What bugs me most about this particular comment is, well, one, frankly I don’t see how anyone would connect the LDS Church to terrorists. That comment just baffles me. But what bugs me even more that than is the comment that women within the LDS church are treated like women under the Taliban. That is even more ridiculous.

As an LDS woman I do not feel like I am repressed. Why would I? Yeah, I am going to have kids and I will probably stay at home to take care of them, but that is my own choice. That is what I want to do. No one is forcing me. I can’t image a better way to live my life than being there for my kids.

I can just hear the responses now. “She’s been brainwashed! Of course she doesn’t really feel like that. Years and years of brainwashing has made her think that’s what she wants when really she is, in fact, oppressed.” Oh please.

Everyone has different ideas about the nature of reality. Every human has certain beliefs that allow them to synthesize the world around them. Different cultures and religions may have a different idea about the nature of reality than you do. You may disagree with their nature of reality, and they probably disagree about yours.

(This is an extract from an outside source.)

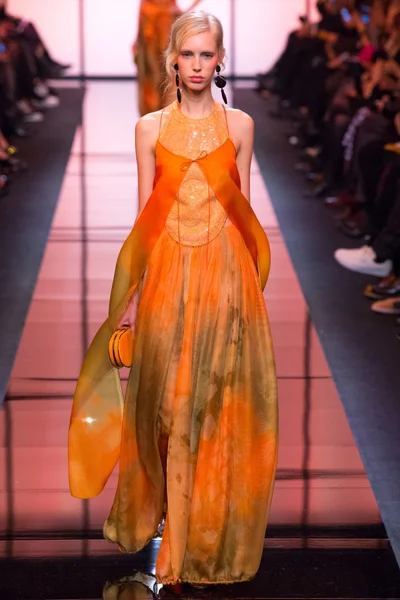 Look 15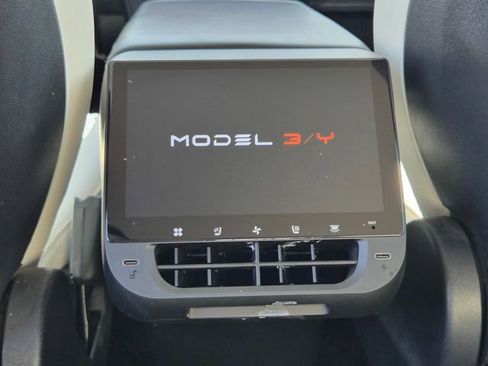 Used 2021 Tesla Model Y Long Range image 23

Religion is a set of beliefs that create an order of reality for individuals, beliefs that are so true to individuals that they seem “uniquely real” or common sense. Individuals will use these ideas to interpret their life experiences. However, these ideas do not necessarily need to be associated with an established religious organization. A person can develop their ideas by various social experiences. Everyone therefore, even those who do not participate in a recognized church, has an idea about the nature of reality. So this brainwashed theory? Well, I guess if I have been brainwashed, then so has everyone else.

1 comment:

Joanna said...

Melarie, I didn't know you had a blog until I just stumbled upon it. I like what you said about being an LDS woman. I agree. It seems so odd to hear people who are not LDS say that LDS women are like women in the Taliban. Thanks for your very interesting thoughts.